2. Select scoring files#
pgsc_calc makes it simple to work with polygenic scores that have been published
in the PGS Catalog. You can specify one or more scores using the --pgs_id
parameter:
--pgs_id PGS001229 # one score
--pgs_id PGS001229,PGS001405 # many scores separated by , (no spaces)
Note
You can also select scores associated with traits (--efo_id
) and
publications (--pgp_id
)
If you would like to use a custom scoring file not published in the PGS Catalog, that’s OK too (see How to use a custom scoring file).
Users are required to specify the genome build that to their genotyping calls are in reference
to using the --target_build
parameter. The --target_build
parameter only supports builds
GRCh37
(hg19) and GRCh38
(hg38).
--pgs_id PGS001229,PGS001405 --target_build GRCh38
In the case of the example above, both PGS001229
and PGS001405
are reported in genome build GRCh37.
In cases where the build of your genomic data are different from the original build of the PGS Catalog score
then the pipeline will download a harmonized (remapped rsIDs and/or lifted positions) versions of the
scoring file(s) in the user-specified build of the genotyping datasets.
Custom scoring files can be lifted between genome builds using the --liftover
flag, (see How to liftover scoring files to match your input genome build
for more information). If your custom PGS was in GRCh37 an example would look like:
---scorefile MyPGSFile.txt --target_build GRCh38 --liftover
3. (Optional) Download reference database#
To enable genetic ancestry similarity calculations and PGS normalisation, download one of our pre-built reference databases:
$ wget https://ftp.ebi.ac.uk/pub/databases/spot/pgs/resources/pgsc_HGDP+1kGP_v1.tar.zst
This database contains a merged 1000 Genomes and Human Genome Diversity Project reference panel, and is the recommended default panel.
You may prefer to use 1000 Genomes only:
See How do I normalise calculated scores across different genetic ancestry groups? for more details.
3. Putting it all together#
For this example, we’ll assume that the input genomes are in build GRCh37 and that they match the scoring file genome build.
$ nextflow run pgscatalog/pgsc_calc \
-profile <docker/singularity/conda> \
--input samplesheet.csv --target_build GRCh37 \
--pgs_id PGS001229 \
--run_ancestry pgsc_HGDP+1kGP_v1.tar.zst
Congratulations, you’ve now (hopefully) calculated some scores! 🥳
Tip
Don’t include --run_ancestry
if you didn’t download the reference database
After the workflow executes successfully, the calculated scores and a summary
report should be available in the results/score/
directory in your current
working directory ($PWD
) by default.

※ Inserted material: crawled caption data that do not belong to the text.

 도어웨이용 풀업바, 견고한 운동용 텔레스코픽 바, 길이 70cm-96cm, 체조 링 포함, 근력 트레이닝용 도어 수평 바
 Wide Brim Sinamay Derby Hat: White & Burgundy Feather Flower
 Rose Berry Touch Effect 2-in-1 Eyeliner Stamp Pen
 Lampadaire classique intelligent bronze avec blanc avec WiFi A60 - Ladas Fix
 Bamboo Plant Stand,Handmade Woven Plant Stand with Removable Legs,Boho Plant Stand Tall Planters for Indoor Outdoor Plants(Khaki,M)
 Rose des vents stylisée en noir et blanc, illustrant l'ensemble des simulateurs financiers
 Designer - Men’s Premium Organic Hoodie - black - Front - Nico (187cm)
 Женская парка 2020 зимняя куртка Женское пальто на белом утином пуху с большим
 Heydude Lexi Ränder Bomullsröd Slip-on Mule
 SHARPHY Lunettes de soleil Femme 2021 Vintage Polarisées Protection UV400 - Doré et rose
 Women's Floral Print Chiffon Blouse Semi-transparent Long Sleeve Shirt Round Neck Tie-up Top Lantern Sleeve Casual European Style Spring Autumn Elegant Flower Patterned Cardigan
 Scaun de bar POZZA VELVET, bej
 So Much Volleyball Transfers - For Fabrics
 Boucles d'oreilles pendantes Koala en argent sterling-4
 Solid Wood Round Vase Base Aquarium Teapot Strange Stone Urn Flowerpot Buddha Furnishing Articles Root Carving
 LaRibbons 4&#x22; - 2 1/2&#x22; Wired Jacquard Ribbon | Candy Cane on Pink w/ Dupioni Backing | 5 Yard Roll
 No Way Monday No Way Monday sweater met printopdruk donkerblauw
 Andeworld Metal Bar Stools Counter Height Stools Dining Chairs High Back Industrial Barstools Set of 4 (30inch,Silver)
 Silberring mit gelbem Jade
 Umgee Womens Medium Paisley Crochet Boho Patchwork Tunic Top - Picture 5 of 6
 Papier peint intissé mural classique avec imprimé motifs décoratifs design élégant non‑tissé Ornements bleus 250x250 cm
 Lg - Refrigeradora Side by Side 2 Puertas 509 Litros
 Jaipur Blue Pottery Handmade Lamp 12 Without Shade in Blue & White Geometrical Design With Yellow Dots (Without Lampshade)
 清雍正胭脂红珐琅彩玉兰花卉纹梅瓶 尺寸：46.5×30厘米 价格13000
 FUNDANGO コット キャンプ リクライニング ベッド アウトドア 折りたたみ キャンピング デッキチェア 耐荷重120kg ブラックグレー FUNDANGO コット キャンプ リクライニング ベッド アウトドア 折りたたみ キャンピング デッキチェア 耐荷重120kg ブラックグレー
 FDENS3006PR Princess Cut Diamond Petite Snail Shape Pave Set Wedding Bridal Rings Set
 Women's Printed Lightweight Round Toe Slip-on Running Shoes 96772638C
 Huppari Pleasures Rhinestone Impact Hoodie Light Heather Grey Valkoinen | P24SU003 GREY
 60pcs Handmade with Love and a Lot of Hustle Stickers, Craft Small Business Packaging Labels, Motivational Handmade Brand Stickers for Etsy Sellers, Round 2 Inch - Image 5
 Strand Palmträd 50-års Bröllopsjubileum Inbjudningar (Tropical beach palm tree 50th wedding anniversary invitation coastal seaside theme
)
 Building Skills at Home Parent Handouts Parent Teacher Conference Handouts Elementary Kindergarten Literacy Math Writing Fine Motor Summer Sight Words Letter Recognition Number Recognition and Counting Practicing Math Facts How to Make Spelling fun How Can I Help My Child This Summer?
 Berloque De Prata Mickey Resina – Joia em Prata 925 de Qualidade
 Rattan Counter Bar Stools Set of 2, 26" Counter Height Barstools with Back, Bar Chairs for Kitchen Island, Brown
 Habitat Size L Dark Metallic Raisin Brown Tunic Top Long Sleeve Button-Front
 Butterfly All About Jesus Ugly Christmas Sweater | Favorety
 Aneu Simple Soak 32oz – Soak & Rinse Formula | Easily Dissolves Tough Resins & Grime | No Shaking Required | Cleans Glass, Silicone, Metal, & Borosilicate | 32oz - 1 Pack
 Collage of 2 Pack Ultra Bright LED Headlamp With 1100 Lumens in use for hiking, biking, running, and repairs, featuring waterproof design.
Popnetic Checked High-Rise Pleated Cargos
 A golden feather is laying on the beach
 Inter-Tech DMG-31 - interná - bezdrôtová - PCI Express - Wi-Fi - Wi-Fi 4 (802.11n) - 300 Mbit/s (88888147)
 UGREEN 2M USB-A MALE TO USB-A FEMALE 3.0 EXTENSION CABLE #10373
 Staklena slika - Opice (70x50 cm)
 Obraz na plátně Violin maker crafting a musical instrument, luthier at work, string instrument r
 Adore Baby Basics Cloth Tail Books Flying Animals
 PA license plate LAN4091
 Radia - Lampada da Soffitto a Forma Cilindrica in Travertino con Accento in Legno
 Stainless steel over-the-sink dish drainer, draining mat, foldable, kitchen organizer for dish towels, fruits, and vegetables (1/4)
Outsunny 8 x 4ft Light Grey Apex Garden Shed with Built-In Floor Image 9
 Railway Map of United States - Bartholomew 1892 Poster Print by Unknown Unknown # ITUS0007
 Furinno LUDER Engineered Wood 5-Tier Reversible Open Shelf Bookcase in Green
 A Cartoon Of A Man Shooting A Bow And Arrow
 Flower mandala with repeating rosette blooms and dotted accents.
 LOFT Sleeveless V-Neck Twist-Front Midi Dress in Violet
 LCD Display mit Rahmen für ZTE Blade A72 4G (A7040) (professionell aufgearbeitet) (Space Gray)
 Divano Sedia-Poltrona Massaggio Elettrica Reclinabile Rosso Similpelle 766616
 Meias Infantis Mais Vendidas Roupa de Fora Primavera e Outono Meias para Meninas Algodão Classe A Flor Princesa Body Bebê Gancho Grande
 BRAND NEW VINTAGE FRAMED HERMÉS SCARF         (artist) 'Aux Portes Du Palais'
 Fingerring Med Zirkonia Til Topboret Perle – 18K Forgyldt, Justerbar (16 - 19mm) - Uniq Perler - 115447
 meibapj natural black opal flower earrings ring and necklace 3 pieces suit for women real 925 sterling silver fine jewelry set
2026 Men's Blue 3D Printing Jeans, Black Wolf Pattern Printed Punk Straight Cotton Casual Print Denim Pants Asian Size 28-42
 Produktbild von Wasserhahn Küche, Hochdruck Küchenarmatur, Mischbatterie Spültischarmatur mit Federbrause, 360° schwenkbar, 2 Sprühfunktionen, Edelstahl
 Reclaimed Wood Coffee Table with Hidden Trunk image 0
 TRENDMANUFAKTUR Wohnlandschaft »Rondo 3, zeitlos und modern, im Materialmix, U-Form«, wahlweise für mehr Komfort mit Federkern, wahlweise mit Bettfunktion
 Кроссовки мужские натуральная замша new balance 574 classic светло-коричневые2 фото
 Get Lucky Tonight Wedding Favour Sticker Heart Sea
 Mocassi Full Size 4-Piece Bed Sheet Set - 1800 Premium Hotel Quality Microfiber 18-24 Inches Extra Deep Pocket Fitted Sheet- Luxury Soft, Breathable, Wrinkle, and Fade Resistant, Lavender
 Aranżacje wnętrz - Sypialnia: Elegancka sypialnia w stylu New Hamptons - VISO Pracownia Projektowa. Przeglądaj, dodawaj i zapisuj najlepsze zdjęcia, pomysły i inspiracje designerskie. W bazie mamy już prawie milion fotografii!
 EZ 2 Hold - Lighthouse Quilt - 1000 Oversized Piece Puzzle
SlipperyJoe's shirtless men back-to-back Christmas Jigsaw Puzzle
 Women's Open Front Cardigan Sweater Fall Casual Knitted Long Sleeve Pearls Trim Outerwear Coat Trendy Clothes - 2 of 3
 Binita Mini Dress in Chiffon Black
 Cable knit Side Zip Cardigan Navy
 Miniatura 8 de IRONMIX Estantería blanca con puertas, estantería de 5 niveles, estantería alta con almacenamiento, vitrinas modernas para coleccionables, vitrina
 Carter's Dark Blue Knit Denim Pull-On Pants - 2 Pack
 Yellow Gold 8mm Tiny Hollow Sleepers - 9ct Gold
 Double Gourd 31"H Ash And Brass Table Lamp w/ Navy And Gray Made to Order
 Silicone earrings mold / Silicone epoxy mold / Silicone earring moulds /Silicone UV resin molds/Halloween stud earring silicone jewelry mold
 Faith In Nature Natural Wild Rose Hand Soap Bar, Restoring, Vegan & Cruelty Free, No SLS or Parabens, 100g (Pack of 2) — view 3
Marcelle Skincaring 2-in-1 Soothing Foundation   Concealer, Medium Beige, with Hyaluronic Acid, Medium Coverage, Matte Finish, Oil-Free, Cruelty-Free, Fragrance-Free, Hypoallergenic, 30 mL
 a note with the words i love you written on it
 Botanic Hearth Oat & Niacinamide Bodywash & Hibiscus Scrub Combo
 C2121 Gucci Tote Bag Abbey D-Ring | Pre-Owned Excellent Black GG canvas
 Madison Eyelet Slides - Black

If you’re interested in more
information, see pgsc_calc Outputs & report. Note: when interpreting results users should ensure
that the samples used for calculation were not used for PGS development (see Wray et al. (2013)).
If the workflow didn’t execute successfully, have a look at the
Troubleshooting section. Remember to replace <docker/singularity/conda>
with the software you have installed on your computer.
4. Next steps & advanced usage#
The pipeline distributes with settings that easily allow for it to be run on a personal computer on smaller datasets (e.g. 1000 Genomes, HGDP). The minimum requirements to run on these smaller datasets are:
- Linux
16GB RAM
2 CPUs
- macOS
32GB RAM
2 CPUs
Warning
If you use macOS, Docker will use 50% of your memory at most by
default. This means that if you have a Mac with 16GB RAM,
pgsc_calc
may run out of RAM (most likely during the variant
matching step).
For information on how to run the pipelines on larger datasets/computers/job-schedulers, see How do I run pgsc_calc on larger datasets and more powerful computers?.
If you are running the pipeline multiple times on the same dataset (e.g. different sets of PGS) you can speed the pipeline up by cacheing the genotype harmonization and ancestry steps, see How do I speed up computation times and avoid re-running code?.
If you are using an newer Mac computer with an M-series chip, see How do I run the pipeline on an M1 Mac?.